Nicola Monaghan's news, events and general thoughts about life and writing.

Saturday 3 October 2009

The funniest thing I have EVER seen on TV

I'm sure it will be no surprise to readers of this blog that I tuned in to Derren Brown tonight. I'm left, well, laughing all the way to my keyboard. Derren's deadpan 'Oh, one out.' The face of the man whose money's on the table, clearly utterly convinced that the ball's going to somehow jump over the divide in the roulette wheel yet, because Derren Brown wouldn't mess up on this scale. The production assistant, standing outside the trailer with a giant cheque at the ready for a hundred and eighty grand and the way he walks up, gingerly. 'Don't worry mate, we'll get your five grand back.' The silence as the series peters out could almost define dramatic anticlimax. It brought to mind the ending of The Blair Witch Project.

Of course they'll get his five grand back because they ain't gambled it away in the first place. Derren Brown ain't been nowhere near no casino tonight, not unless it was after the show in his own time. I know Casinos and I'm telling yous; that was a Channel Four studio 'somewhere in Europe', or a Casino they'd borrowed and closed for the evening.

For starters, it was too quiet and empty. There was no sound of other gamblers, of other roulette wheels, or cards being shoed or shuffled. Sure, it could have been a small casino but the problem with that is there was no evidence whatsoever, either visual or audio, of slot machines. They ain't not one casino in the world that don't got slot machines, girlfriend, and they make noise and flash lights all the time to try to hypnotise you and get your money (not unlike Derren Brown). There were no croupiers rushing past, or people serving drinks, and none of the small trolleys you get given as a punter to put your drinks on. You don't stand at a table with holding your wine glass while you play. You don't change your chips when you're putting them all on the same number. You don't walk around holding your sleeves up to stuff so the hidden camera can catch it. Well, not unless you fancy getting taken away and being beaten up in the basement.

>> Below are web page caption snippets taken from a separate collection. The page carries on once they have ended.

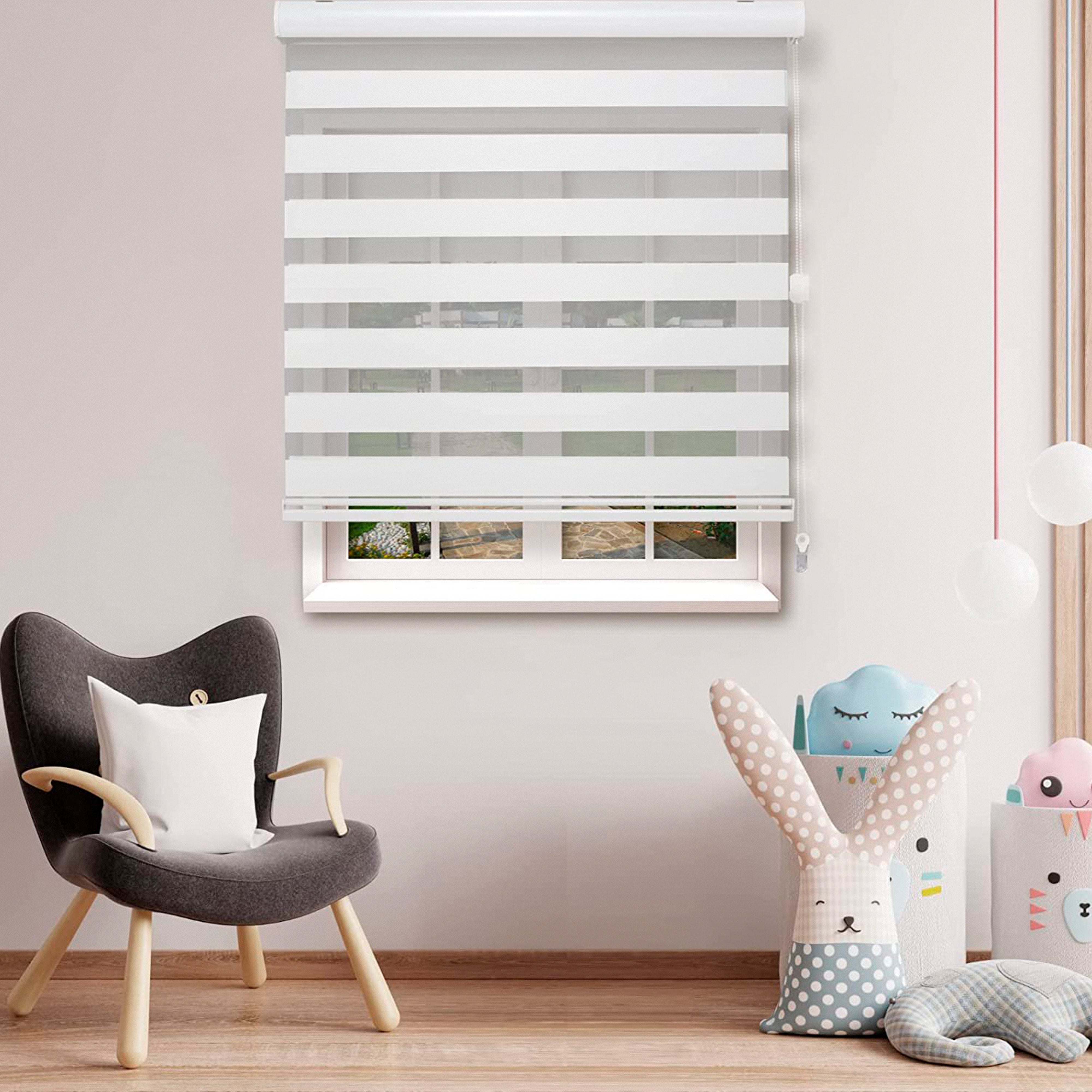 Everlaneas Corded Zebra Blinds, Dual Layer Window Treatments Sheer Light Control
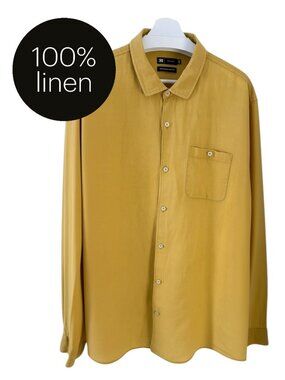 SIMONS LE 31 Mustard Yellow Linen Button-Up Shirt Casual Minimalist xxl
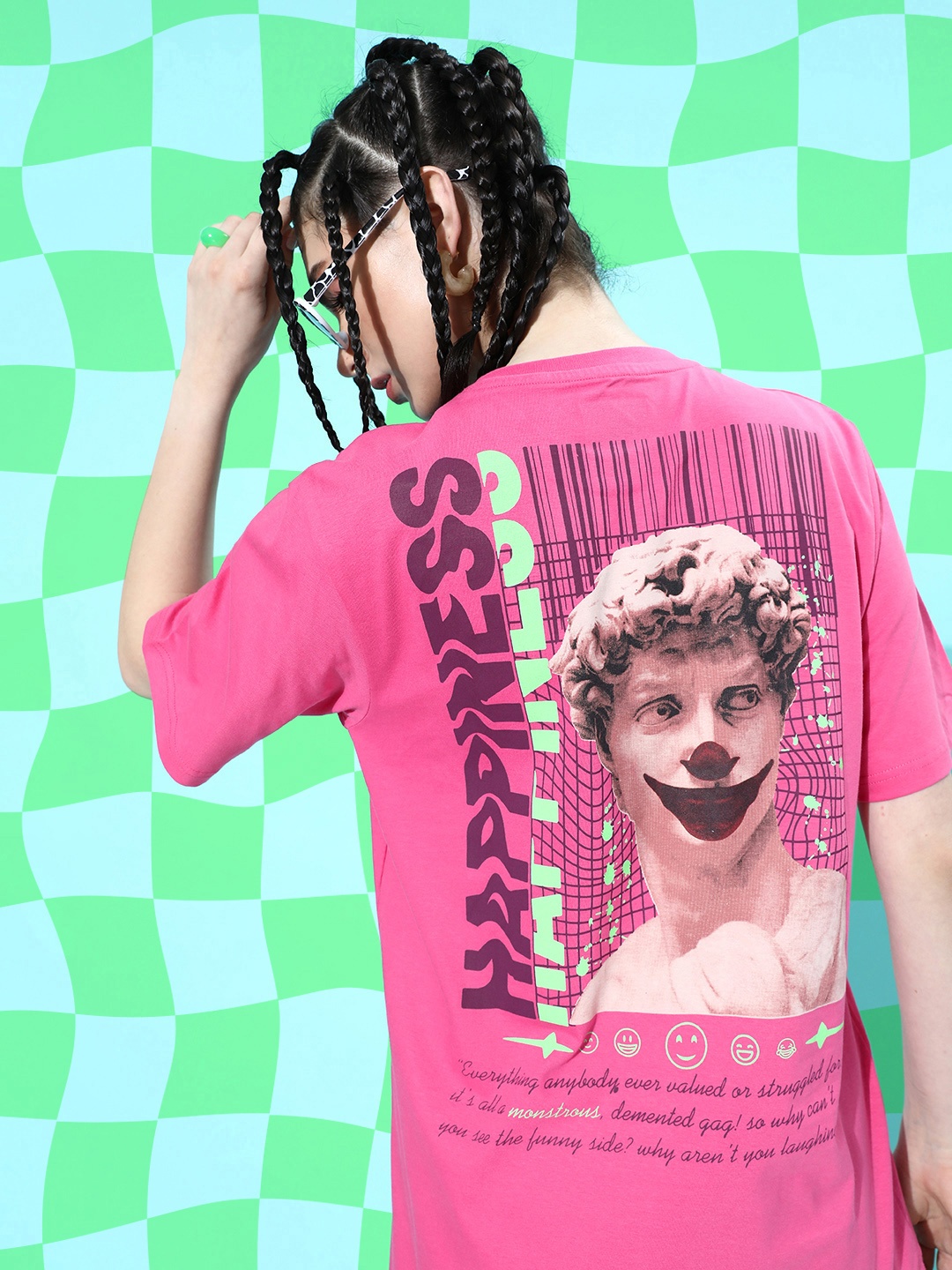 

Difference of Opinion Women Graphic Printed Oversized T-shirt, Pink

Then there's the size of the bet. Five grand on a single number? Casinos risk manage their exposure. You don't just walk over to a table and put that much cash on the nose of a 35 to 1 payout without the pit boss having a look see if he's happy. At least, you don't unless you're in Aspinall's or one of the other super exclusive casinos on Curzon Street. And the thing about those Casinos is that A. you have to be a multi-millionaire to join (although mebbe our Derren's been playing the lottery) and B. you have to get a personal invitation by someone who's already a member. And like even if Derren did all that, they're gonna let him join, four weeks after the TV schedule announces he's going to bring the place down? Yeah, right, whatever.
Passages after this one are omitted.